Detoxification Of Aliphatic And Aromatic Organic Pollutants By Means Of Catalytic Wet-air Oxidation
Free (open access)
179 - 188
A. Pintar, J. Batista & T. Tišler
One of the most promising options for removal of toxic and non-biodegradable organic compounds from industrial wastewaters is destruction of these contaminants by means of catalytic wet-air oxidation (CWAO). In this study, the performance of various Ru/TiO2 catalysts to promote oxidation of aqueous solutions of formic acid, acetic acid and phenol was investigated in a continuousflow trickle-bed reactor. Oxidation experiments were carried out at T=328-523 K and total pressures up to 50 bar. Complete oxidation of formic acid was obtained at mild operating conditions (383 K), and no catalyst deactivation occurred that could be attributed to the dissolution of active ingredient material. Liquid-phase oxidation of recalcitrant acetic acid was found to be structure sensitive; the highest catalyst activity was obtained when the Ru phase on the catalyst surface prevailed in the zero-valent oxidation state. The employed Ru/TiO2 catalysts enable complete removal of phenol and more than 99% removal of TOC at temperatures above 483 K; at these conditions, no carbonaceous deposits were accumulated on the catalyst surface. In the presence of a Ru/TiO2 catalyst in the trickle-bed reactor, the toxicity to Daphnia magna and Vibrio fischeri of the oxidized materials was greatly reduced compared with that of the starting solutions.

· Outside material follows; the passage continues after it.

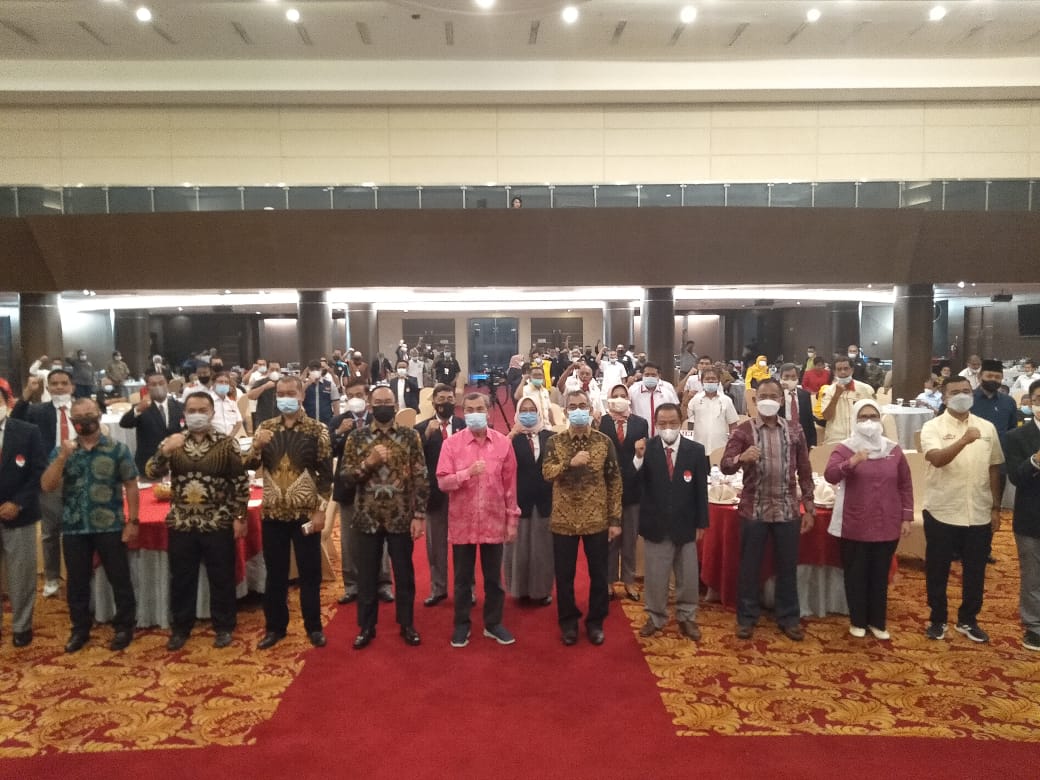 Dari Raker KONI Riau : PON XX Papua Tak Boleh Ditunda Lagi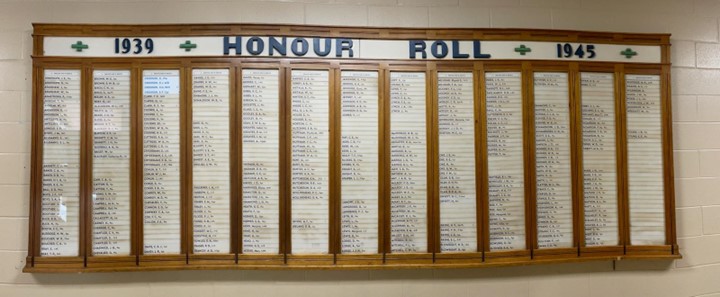 Huntsville Honour Roll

However, despite the notable decrease in toxicity, end-product solutions are generally more toxic than indicated by the concentrations of total organic carbon remaining in the final solutions. Keywords: acute toxicity tests, catalytic wet-air oxidation, heterogeneous catalysis, ruthenium catalysts, titanium oxide, trickle-bed reactor, wastewater treatment.
acute toxicity tests, catalytic wet-air oxidation, heterogeneous catalysis, ruthenium catalysts, titanium oxide, trickle-bed reactor, wastewater treatment.